Certains morceaux qui sentent la poussière chaude des vinyles, la colle des cassettes et les néons froids d’un studio à trois heures du matin. Nuff Trickery appartient à cette espèce rare : un titre qui ne cherche ni la mode ni le buzz, mais la vérité dans le son, brute, texturée, imparfaite. Rad Brown, producteur alchimiste à la mémoire infinie, s’y livre à une archéologie du hip-hop, déterrant des fragments de Björk, Nas et même Danny Elfman pour bâtir une cathédrale sonore où chaque sample devient une pierre précieuse.
Le beat est dense, organique, tout en couches qui se chevauchent et se contredisent : des cordes inquiétantes, des nappes cinématographiques, des basses qui semblent respirer. On sent la main d’un collectionneur maniaque, quelqu’un qui ne produit pas pour séduire mais pour convoquer les fantômes. Rad Brown appartient à cette lignée d’artisans de la MPC qui pensent le hip-hop comme un langage de collage, un dialogue entre passé et présent, entre culture populaire et art total.
Et puis il y a Moka Only, revenant mythique du rap canadien, ici dans une forme presque chamanique. Son flow ne cherche pas la virtuosité mais la vérité. Il avance, nonchalant, précis, comme s’il récitait un mantra contre l’imposture — celle de l’industrie, du faux bling, des égos en toc. Il parle d’authenticité sans la nommer, de survie sans la glorifier. Nuff Trickery, c’est le refus du spectacle. Un refus élégant, fier, et profondément musical.

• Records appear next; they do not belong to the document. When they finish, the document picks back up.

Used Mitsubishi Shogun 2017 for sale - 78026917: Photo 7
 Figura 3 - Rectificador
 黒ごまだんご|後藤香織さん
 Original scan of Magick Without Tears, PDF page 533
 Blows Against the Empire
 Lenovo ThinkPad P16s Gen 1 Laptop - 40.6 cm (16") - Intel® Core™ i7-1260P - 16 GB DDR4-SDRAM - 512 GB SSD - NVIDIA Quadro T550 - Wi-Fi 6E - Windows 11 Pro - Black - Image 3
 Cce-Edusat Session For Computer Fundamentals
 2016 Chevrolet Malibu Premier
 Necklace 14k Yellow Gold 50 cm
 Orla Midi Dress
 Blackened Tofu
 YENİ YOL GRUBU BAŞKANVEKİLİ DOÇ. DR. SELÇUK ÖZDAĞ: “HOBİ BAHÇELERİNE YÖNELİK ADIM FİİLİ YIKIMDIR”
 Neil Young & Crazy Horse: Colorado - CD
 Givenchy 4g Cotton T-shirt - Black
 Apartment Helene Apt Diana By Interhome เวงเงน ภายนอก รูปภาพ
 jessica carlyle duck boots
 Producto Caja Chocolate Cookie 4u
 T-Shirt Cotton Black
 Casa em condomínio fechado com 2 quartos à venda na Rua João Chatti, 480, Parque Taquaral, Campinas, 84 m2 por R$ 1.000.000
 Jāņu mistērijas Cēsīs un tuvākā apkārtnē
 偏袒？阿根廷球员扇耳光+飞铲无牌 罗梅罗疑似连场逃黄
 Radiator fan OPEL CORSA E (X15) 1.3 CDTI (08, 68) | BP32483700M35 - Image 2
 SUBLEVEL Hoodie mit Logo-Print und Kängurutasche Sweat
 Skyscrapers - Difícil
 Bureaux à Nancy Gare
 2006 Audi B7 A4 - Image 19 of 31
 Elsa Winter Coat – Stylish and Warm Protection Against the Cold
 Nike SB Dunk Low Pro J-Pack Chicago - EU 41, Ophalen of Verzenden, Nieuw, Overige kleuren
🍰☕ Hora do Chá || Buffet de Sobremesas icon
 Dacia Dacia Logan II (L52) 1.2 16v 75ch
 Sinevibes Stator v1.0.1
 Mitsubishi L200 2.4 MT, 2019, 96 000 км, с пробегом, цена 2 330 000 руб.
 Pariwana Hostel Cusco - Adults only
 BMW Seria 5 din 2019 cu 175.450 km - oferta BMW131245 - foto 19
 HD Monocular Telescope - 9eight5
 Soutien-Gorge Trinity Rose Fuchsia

Ce morceau n’est pas nostalgique ; il est intemporel. Il nous rappelle pourquoi le hip-hop, avant d’être une culture de consommation, fut une culture de résistance. Rad Brown ne copie pas les années 90 — il les prolonge, les réinvente, les actualise avec la tendresse d’un historien et la fougue d’un hacker sonore. Son utilisation du sample est politique : chaque boucle volée devient un geste de liberté.
Dans un monde saturé de productions interchangeables, Nuff Trickery respire comme un espace sacré. On y retrouve l’esprit du crate digging, l’odeur des vinyles poussiéreux, la sueur du vrai travail. C’est un morceau qui ne cherche pas à t’impressionner, mais à te reconnecter — à ton oreille, à ta mémoire, à ce qu’il reste de sincérité dans le rap.
Rad Brown et Moka Only signent ici un rappel magistral : le hip-hop n’a jamais eu besoin de tours de passe-passe. Seulement d’une âme, d’un rythme, et d’une idée juste.